2. I’M A BETTER SINGER
I’ve always been a pretty ordinary singer – I mostly hit the right notes, but that’s about it. It doesn’t faze my little one, who loves any sound that comes out of my mouth, from a cockatoo screech, to a comical belch (I know, it’s not a good lesson to teach!). What more inspiration could I need than the unconditional adoration of my fan!? At first, my nursery rhymes were feeble, self-conscious warblings that took place when there were no other adults around. Gradually, I abandoned sung louder, spurred on by tiny smiles of appreciation. Now, I sing so loud I know the neighbours can hear. I’ve even sung in the supermarket aisles. All the practice and added confidence has improved my tone and pitch, and, I’m learning that singing is fun, not embarrassing.
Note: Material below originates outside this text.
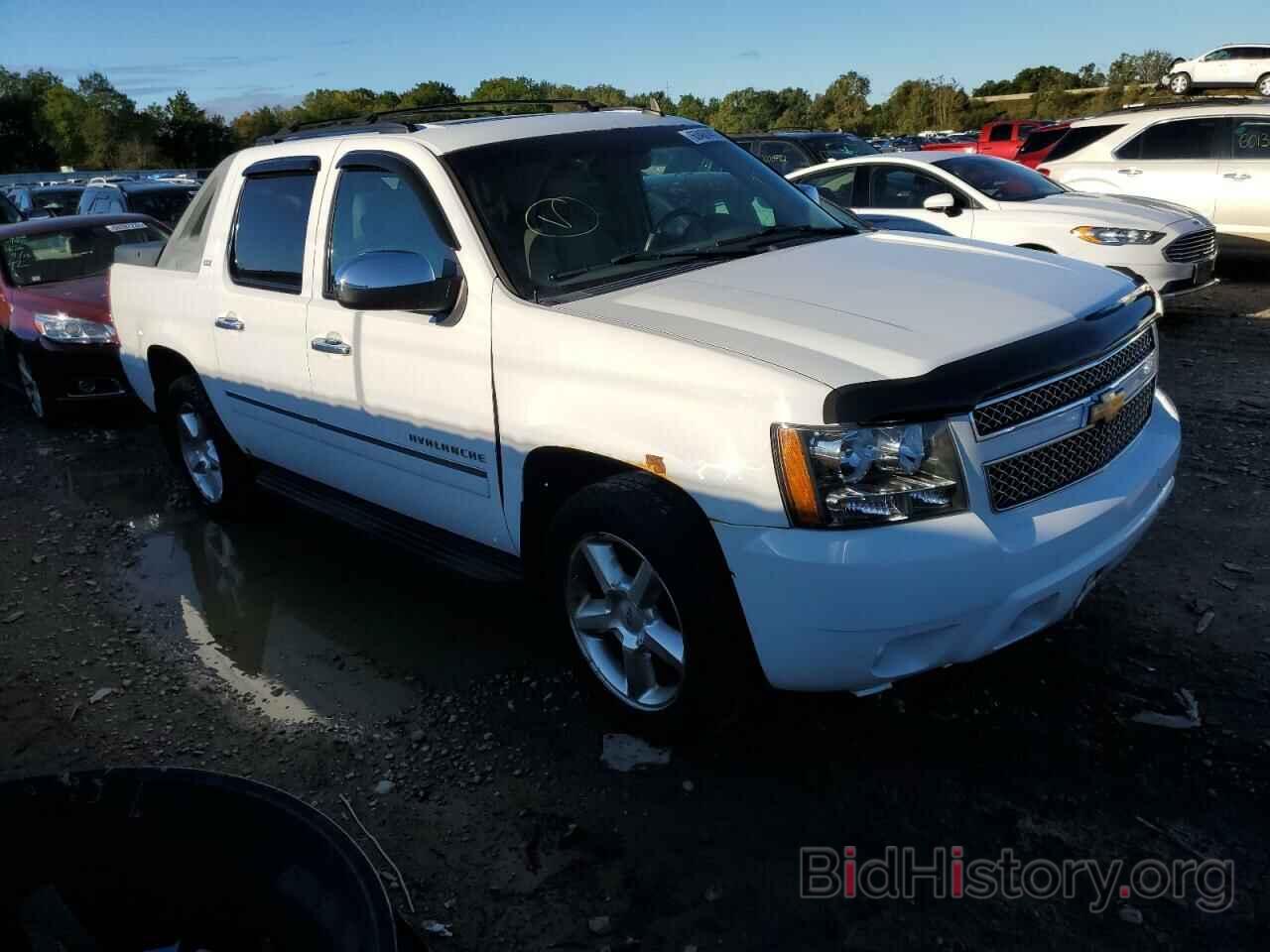 Photo 3GNVKGE07AG136891 - CHEVROLET AVALANCHE 2010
3. On that point, I’m less self-conscious
I have absolutely no interest in what strangers think of me these days, and that has been a radical shift. In my younger years, I was so self-conscious I hardly ever came ‘out of my shell’. But there’s nothing like giving birth to change that – a room full of people have seen you at your most vulnerable: half naked, screaming and leaking bodily fluids from at least one orifice. Attempts at ‘modestly’ breastfeeding in public would invariably result in my cover-all shawl being whipped away by the wind, a tiny hand, or gravity. It was much easier to not care who saw what. ‘So what if that old guy sees my boob?’ I asked myself once, and still carry that mentality. I rarely use a modesty shawl now, and it feels great to feed in confidence, not caring what the world thinks – or sees!
4. I appreciate family more
How great are grandparents!? My baby is lucky to have good ones, who are always happy to see her. It’s lovely to watch my baby and her family get to know one another. I also appreciate my parents more, now knowing first-hand the hard work they put into raising me. I hope my daughter will still want to visit me when she’s grown.
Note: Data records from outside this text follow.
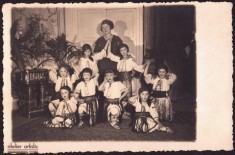 P1821N Copii &icirc;n port popular rom&acirc;nesc, Atelier Artistic, Oravița, perioada interbelică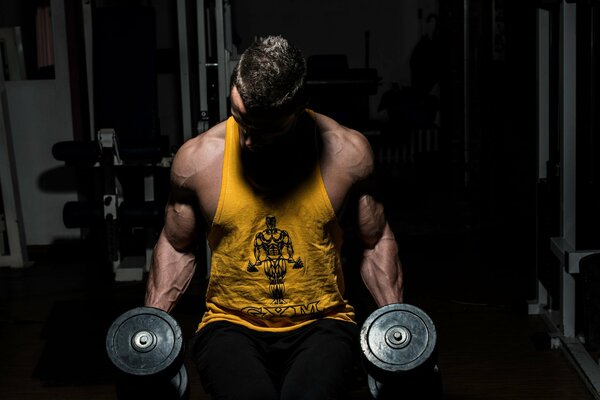 Muscular man in the gym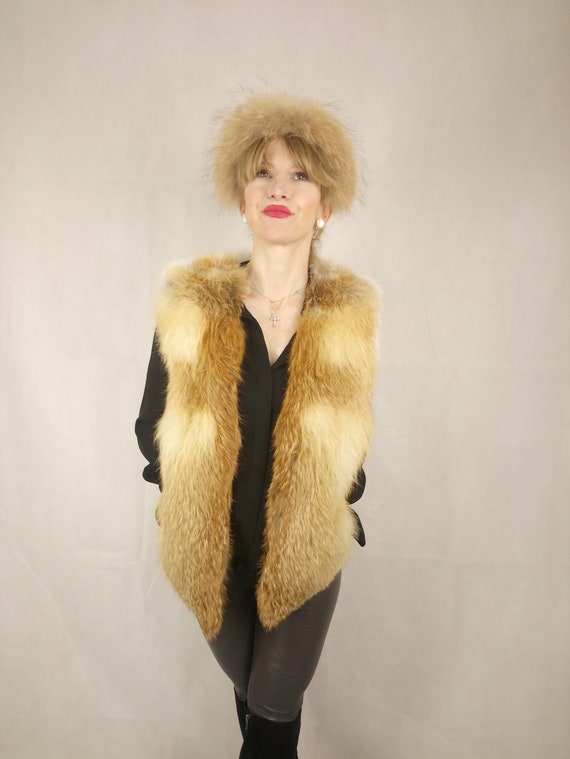 Real Fox Fur Gilet. Luxury Canadian Fox Fur Vest. Personalised Fur Gilet. Medium Size.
5. I’ve stopped swearing (mostly)
This is still a work in progress; but shit, I’m getting better!
6. I go out of my way to befriend new people
Pregnancy and childbirth has proved to be one of those times in life, much like starting a new school, when you have abundant opportunities to meet new people and make new friends. Those times are few and far between in life. Heaps of others have been thrust into this new world of parenthood and they’re keen to make new friends in the same boat. I’ve found new joy in socialising, and take any opportunity to meet other parents. I’ve even met up with strangers via Facebook: other mums seeking adult company and a listening ear. As a result, I am more outgoing, and hope I’m showing my daughter that she needn’t be the shy child I was. The friends I’ve made through parenthood will be around for the long haul.
7. I’m a safer driver
I was always a pretty good driver, but now I’m really good! There’s something about strapping your tiny fragile infant into a metal box, then speeding down a freeway at 100 kilometres per hour that makes you want to take things easy!
8. I am learning to ask for and accept help
This is still a work in progress, as I’ve always been pretty bad at this, but I’ve come to realise that people actually don’t mind helping. When I broke my wrist, it was pretty impossible to dress, bathe and feed my baby, let alone change her nappy. I was forced to ask for and accept help, and I discovered that family and friends were really very happy to be involved, and make things easier for me. I once read some heart-warming research on the topic: when someone helps a friend, their appreciation of that relationship increases more than that of the person receiving help.
9. I appreciate my partner more
This happens when I see him working hard for us, helping with housework, and not shying away from a dirty nappy. But mostly it happens every night – at bath time, when I hear baby splashes and squeals of delight, and watching him read bedtime stories with enjoyment.